Banco Espirito Santo de Investimento SA (BESI) is being sold by Novo Banco, the bank carved out of Banco Espirito Santo after it was rescued in August..
For China’s second largest brokerage it’s a modest-sized deal, equivalent to just 1.5 percent of Haitong’s market value. But it demonstrates the changing character of acquisitions by Chinese financial firms.
These days they mostly seek controlling stakes, and now they are scouting Europe for opportunities, avoiding anything too big.
“Increasingly, Chinese financial firms are seeking control deals as a way to expand their global footprint,” Mayooran Elalingam, head of Deutsche Bank’s Asia-Pacific M&A said.
“Several distressed opportunities are available in euro zone economies and we expect the Chinese financial services sector to be active in these situations,” he added.
Such deals can help Chinese banks gain treasured European banking licenses as well as expertise, notably in debt markets, that can be transferred back home, whereas growth through opening overseas bank branches can be a slow process.
This year, the government began encouraging Chinese stock brokers and financial firms to acquire greater international reach, according to investment bankers.
“The government is encouraging the outbound M&A push,” a Hong Kong based M&A banker said.
The drive for geographic spread reflects China’s efforts to build up overseas bank outlets as the yuan currency gains a greater share of global trade.
Haitong’s purchase of BESI, Portugal’s biggest debt underwriting firm, will give it control of a business that earned 247 million euros in revenues in 2013, according to analysts at Daiwa Capital Markets, and a ready-made investment banking network in Europe.
“As regulators liberalize the financial industry in China, banks, insurers and securities firms would be on the lookout for asset managers, private banks and wealth managers,” said Bernard Teo, head of financial institutions group investment banking in China with Goldman Sachs.
Some M&A bankers do not rule out the possible acquisition of a European commercial bank.
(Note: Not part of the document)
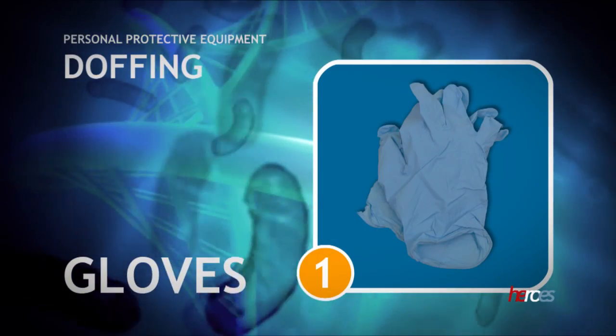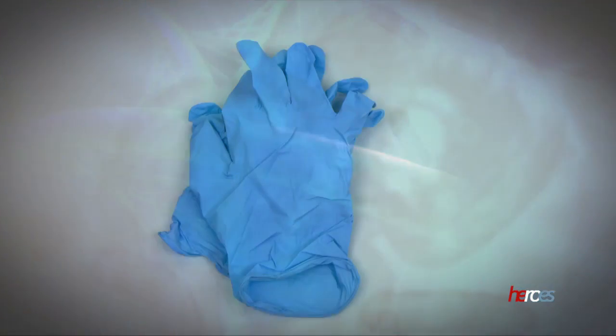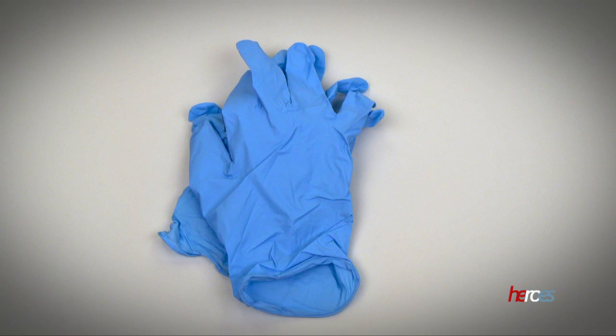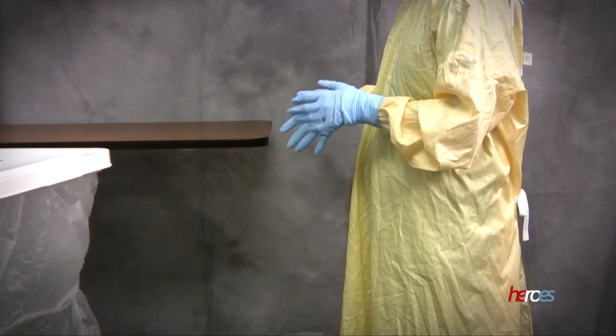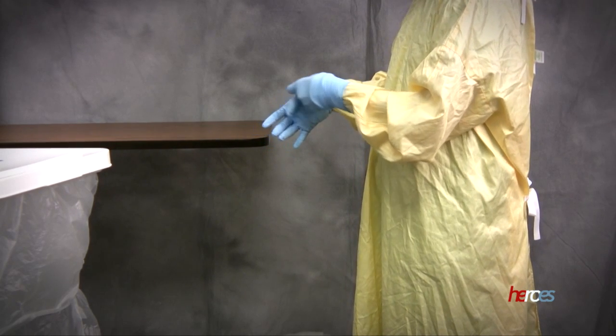The first step in the procedure to remove personal protective equipment is doffing the gloves. Gloves are removed first because they are likely the dirtiest item and are contaminated on the external surfaces. Grasp the first glove on the external surface at the cuff and gently peel off.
Struggling Italian lender Monte dei Paschi di Siena, the worst-performing European bank in a recent asset quality review by the European Central Bank, could attract Chinese bids, according to Hong Kong-based M&A bankers.
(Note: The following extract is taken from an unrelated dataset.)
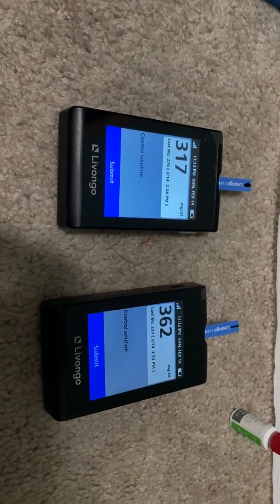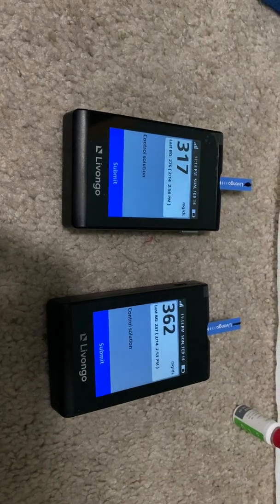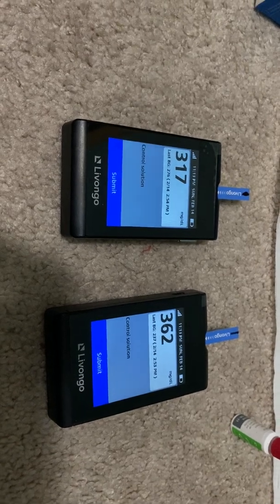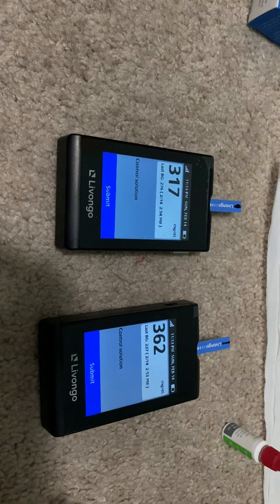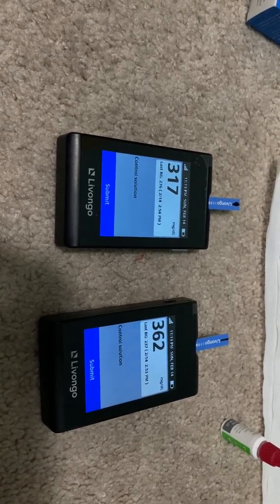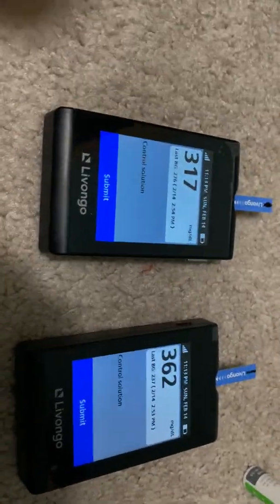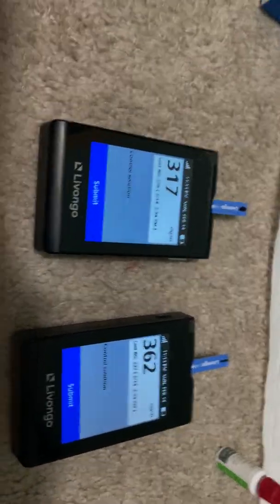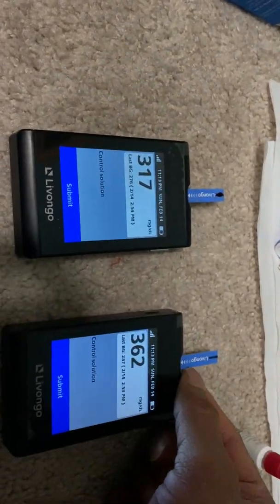For the same solution, same strip, same machines - why is there so much difference? There are a lot of accuracy problems. At a reading around 350, you get a 50-unit difference. So in a reading of 300, you get 50 difference, which means at 100 you'd get about 15 percent error - so plus or minus 15 to 20 percent error. That's a big error - both machines are not showing the same reading.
Chinese buyers could also be interested in Novo Banco, which Portugal’s authorities hope to sell in the first half of next year, they added.
Until now Chinese financial firms’ strategy has been based on organic growth and sporadic purchases of minority stakes in foreign firms, mostly in the emerging market sphere.
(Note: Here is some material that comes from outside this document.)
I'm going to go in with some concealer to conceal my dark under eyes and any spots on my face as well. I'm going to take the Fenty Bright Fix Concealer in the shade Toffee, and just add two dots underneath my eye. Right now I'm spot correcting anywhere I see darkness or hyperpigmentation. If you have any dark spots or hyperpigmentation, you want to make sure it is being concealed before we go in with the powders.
So far this year, they have announced $3.2 billion worth of overseas deals, three-quarters of which were majority stake purchases, according to Thomson Reuters data.
The total spend on overseas deals is way below the record $17.9 billion posted in 2007, but back then only 4.3 percent of the deals were for majority stakes.
In 2007, just before the global financial crisis erupted, Chinese financial firms and sovereign wealth fund bought stakes in publicly listed global financial companies, including a $5 billion investment in Morgan Stanley.
The stock market losses from the ill-timed deals created a headache for executives back home.
“Chinese financial institutions are likely to shy away from large transformational deals as they have learnt valuable lessons from the investments made during the financial crisis,” Goldman Sachs’ Teo said. Their main goal now, Teo said, is to serve Chinese corporations expanding globally.